You can have a perfectly functional website without images. But if you compare your site with one that’s just as functional but also uses graphics, you’ll lose. Most people will go to the other site and leave yours gathering dust.
Getting Graphics – for free
Most of us are not artists, and even if I know an artist or three, most of them spend their time using paintbrushes and canvases. Many are not really comfortable with electronic media. So how do average people who want great graphics for their web sites get them? The good news is that excellent graphics are all over the place. In recent years, the World Wide Web has become increasingly graphical, and the quality of those graphics has improved immensely from the early days of the Internet.
Heeding copyrights and credits
Every web browser is a funnel for graphics. Any image that you can see in it, you can download and put on your site. However, you need to consider a few factors before you use graphics. Yes, you can grab every image file that you find. But you can not necessarily use them all without consequences.
When an artist creates an image, that artist owns the copyright to that image. Just like the word says, that gives the artist and the artist alone the right to make copies, electronic or otherwise. The artist can give other people permission to make copies of the image, or even sell the copyright to someone, but unless he or she does so, the artist remains in total control over the image.

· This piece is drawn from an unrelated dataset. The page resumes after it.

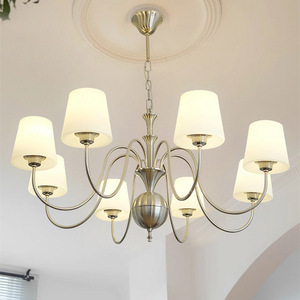 Lámpara colgante redonda LED E26 de estilo vintage francés, dorada, con múltiples cabezales, para dormitorio, sala de estar, estudio. - Product Image 3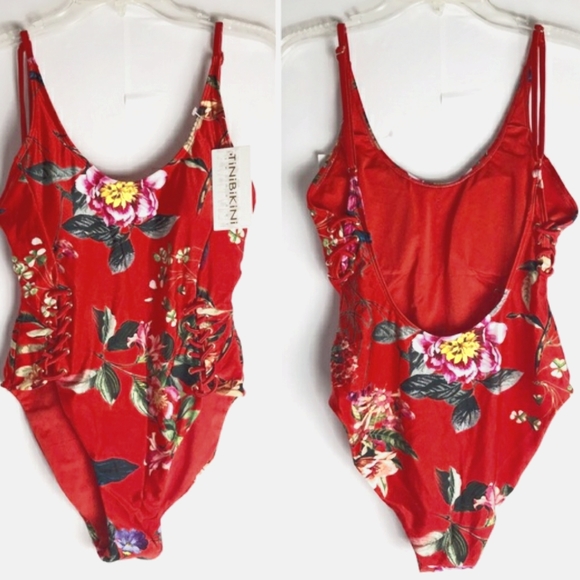 Floral 1-Pce High-Waisted Bathing Suit - Picture 1 of 8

Never take legal advice from anyone who spells copy right as copy write. One of the few ways in which someone can lose a copyright is if artists state that they’re placing a work in the public domain, which means that they’re surrendering their copyright and others can do anything that they want with the work. Many people do not understand what public domain means though, and you sometimes run across a statement on a website that says something incredible like, “I retain the copyright to all these images, but I’m placing them in the public domain, so feel free to use them. ” If you find one of the secontradictory disclaimers, and you really want to use the images, your best course is to contact the artist for confirmation on this matter. Typically, you may find five different situations with fine print on an artist’s website, as the following list describes:
The artist states that you can not use the images. Just walk away, you can find plenty of others out there.
The artist states that you can use the images without any conditions on their usage. Go ahead and download to your heart’s content.
The artist states that you can use the images if you do certain things, such as include a link back to the page they’re on or include a copyright notice under the image. Do what the artist asks and use the images.
The artist states that you can use the images freely if you run a non-commercial site but that commercial sites must pay. If you’re commercial and the work is good, pay up, it’s not going to break the bank.
After all, you’re not buying a Picasso original here.
The artist provides no information at all about usage. Either walk away or e-mail the artist to find out the policy first before using any images.
Creating your own images
The easiest way to avoid copyright problems is to make your own images. That way, you own the copyright unless you’re working under contract for someone such as a Web design firm, in which case that company probably owns the copyright.
Programs like Photoshop and Fireworks make it relatively easy for those of us who are not very graphically talented to come up with professional looking images.